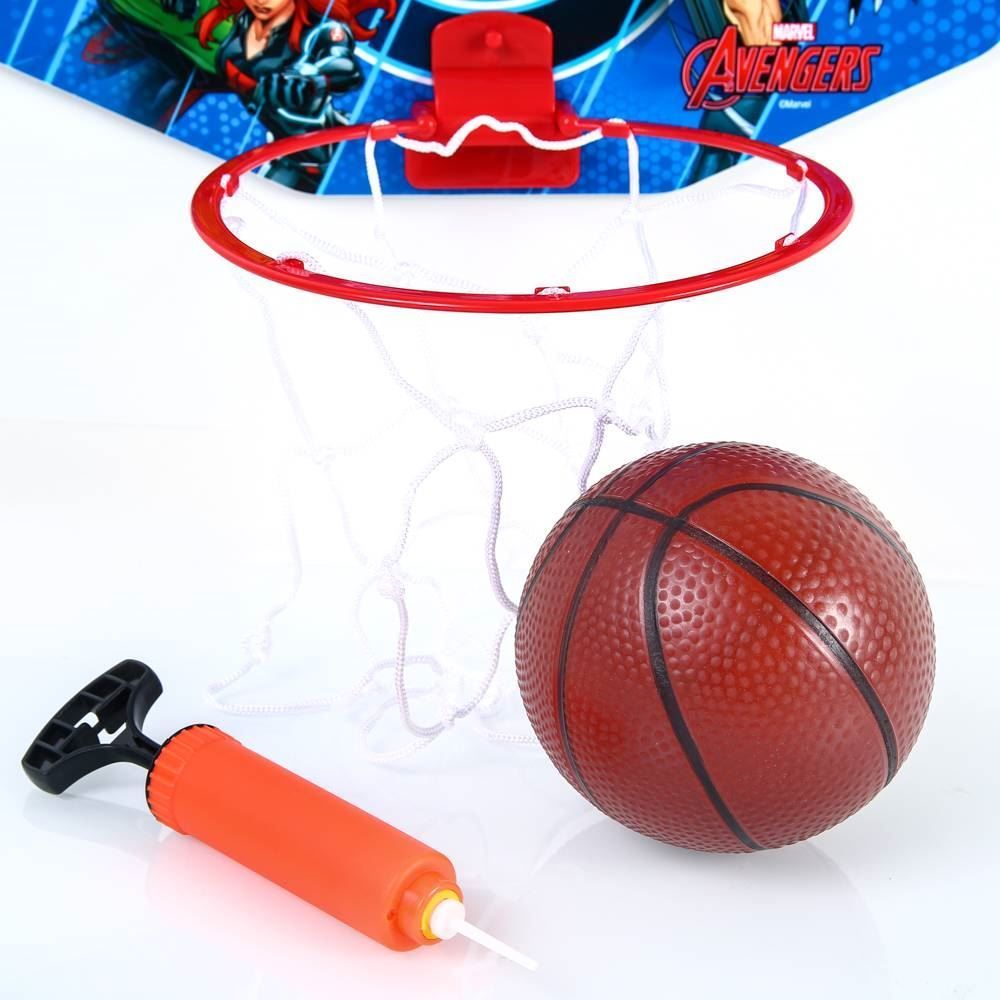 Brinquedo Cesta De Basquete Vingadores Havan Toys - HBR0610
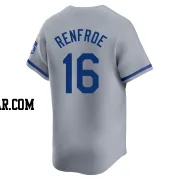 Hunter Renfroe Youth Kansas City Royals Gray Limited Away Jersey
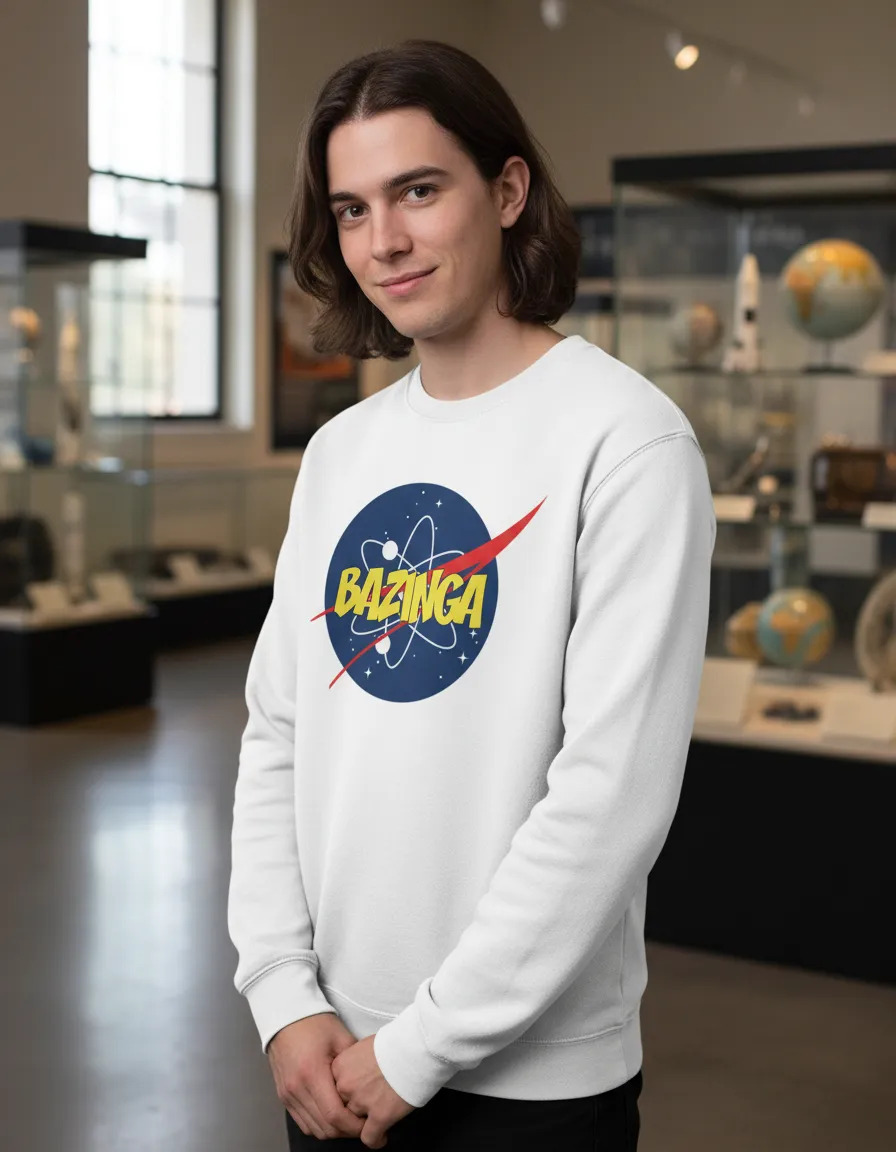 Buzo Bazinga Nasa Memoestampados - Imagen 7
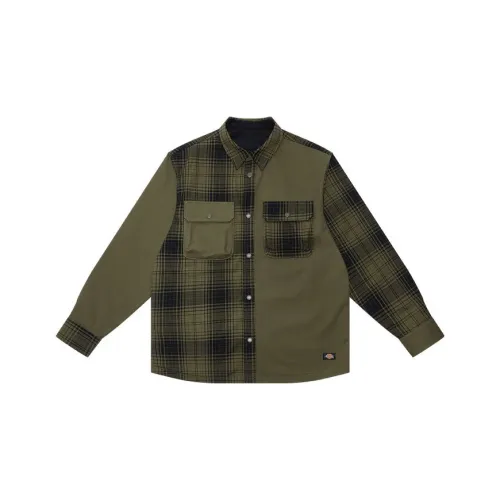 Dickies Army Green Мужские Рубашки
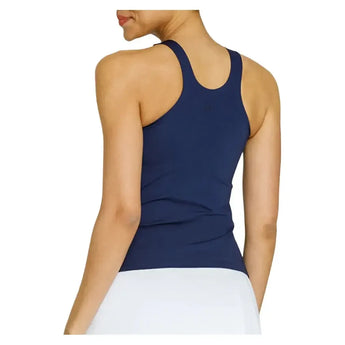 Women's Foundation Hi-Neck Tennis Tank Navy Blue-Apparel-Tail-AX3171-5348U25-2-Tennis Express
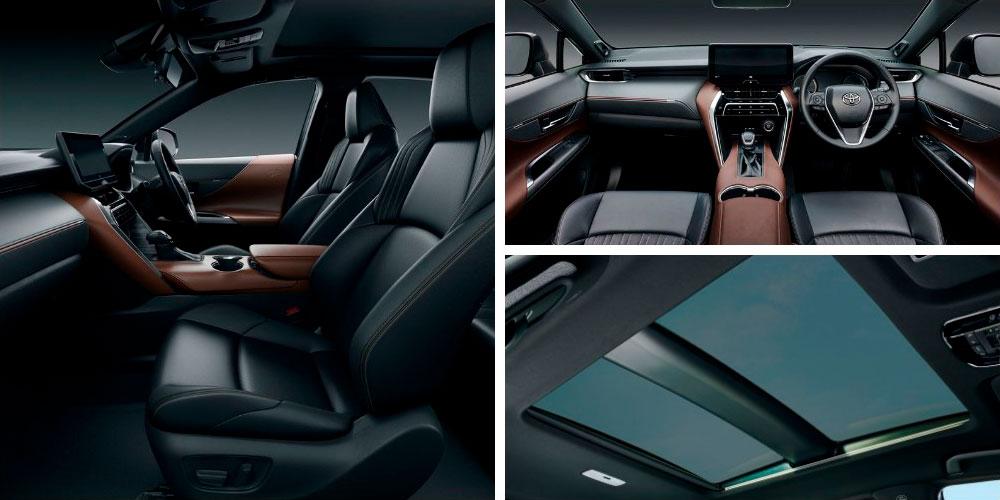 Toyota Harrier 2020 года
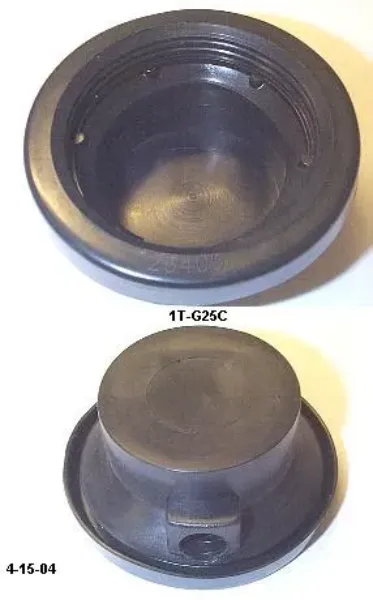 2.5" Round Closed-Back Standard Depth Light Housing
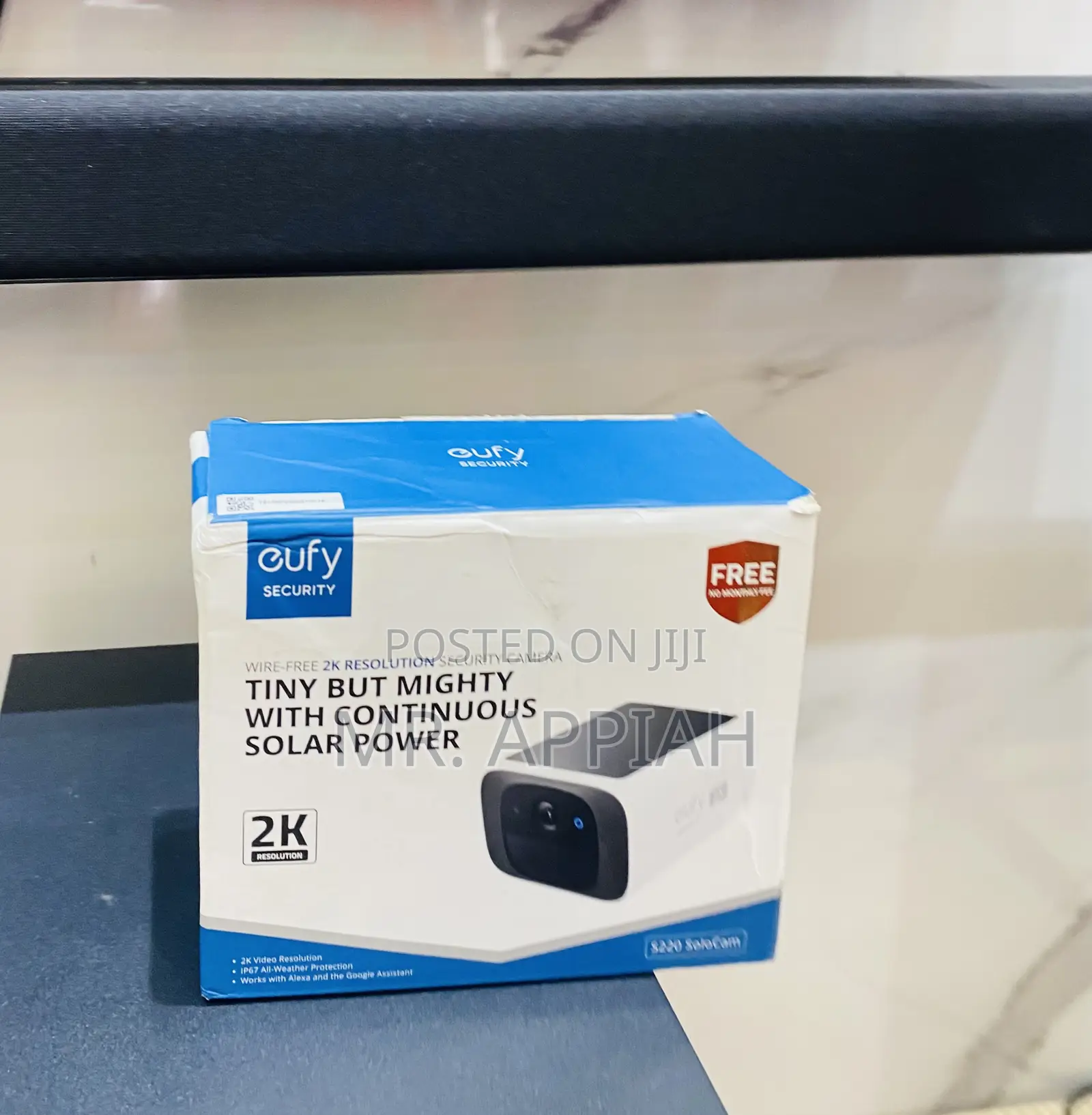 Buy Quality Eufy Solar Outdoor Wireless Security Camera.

===============

## What to work on
Exactly the lines from the one holding "Depth Light Housing" to the last line of the records above should be duplicated, with no pictures among them.

## Answer section
 2.5" Round Closed-Back Standard Depth Light Housing
 Buy Quality Eufy Solar Outdoor Wireless Security Camera.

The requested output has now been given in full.